(EXERCISE INPUTS):
============
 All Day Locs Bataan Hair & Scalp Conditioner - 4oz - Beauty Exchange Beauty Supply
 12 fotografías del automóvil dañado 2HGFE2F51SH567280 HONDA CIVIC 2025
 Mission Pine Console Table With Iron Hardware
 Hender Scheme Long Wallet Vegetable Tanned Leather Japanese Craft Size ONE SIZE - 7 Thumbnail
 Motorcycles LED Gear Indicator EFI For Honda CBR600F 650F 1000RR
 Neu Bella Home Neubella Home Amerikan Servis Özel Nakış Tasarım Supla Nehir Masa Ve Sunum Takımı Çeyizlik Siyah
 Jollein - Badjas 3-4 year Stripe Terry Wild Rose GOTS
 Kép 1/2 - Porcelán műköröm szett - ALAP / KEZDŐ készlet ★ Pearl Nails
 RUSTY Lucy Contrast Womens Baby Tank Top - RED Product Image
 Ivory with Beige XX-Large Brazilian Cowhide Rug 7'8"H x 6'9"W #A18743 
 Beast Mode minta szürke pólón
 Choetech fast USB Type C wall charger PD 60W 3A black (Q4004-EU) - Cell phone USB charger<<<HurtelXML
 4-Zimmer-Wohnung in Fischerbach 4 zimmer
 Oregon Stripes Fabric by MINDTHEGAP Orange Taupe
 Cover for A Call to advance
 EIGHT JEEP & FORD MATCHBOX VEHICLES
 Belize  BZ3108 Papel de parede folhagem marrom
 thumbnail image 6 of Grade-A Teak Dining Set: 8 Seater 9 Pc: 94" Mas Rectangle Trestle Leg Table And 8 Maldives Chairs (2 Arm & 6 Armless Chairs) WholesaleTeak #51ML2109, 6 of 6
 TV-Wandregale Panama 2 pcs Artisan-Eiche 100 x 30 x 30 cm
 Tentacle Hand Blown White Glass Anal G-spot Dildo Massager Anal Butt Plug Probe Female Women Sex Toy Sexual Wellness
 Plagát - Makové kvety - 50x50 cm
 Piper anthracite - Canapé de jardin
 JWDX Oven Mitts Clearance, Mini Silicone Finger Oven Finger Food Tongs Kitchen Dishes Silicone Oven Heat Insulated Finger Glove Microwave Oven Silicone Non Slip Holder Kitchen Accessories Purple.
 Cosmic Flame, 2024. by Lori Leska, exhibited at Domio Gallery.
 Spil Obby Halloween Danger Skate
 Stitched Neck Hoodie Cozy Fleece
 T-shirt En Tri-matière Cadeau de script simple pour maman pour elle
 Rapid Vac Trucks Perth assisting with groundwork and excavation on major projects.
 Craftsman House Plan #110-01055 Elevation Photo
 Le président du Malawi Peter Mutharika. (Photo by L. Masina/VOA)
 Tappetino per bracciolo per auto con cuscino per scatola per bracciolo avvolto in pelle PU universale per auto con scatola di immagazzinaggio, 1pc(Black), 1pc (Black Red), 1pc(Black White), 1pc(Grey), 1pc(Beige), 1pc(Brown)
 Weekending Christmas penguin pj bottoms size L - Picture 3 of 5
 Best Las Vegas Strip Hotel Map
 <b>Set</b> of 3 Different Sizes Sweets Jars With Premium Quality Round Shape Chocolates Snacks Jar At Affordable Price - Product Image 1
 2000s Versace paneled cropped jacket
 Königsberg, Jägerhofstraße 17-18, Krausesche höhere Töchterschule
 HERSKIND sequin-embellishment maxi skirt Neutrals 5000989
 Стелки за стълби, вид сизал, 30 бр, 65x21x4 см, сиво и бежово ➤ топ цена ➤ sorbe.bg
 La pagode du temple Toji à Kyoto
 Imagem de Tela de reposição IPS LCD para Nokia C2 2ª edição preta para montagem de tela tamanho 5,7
============
(ABOUT THIS EXERCISE): The answer should be only the number of lines in the data that include "Photo".

(RESULT OF THIS TASK): 2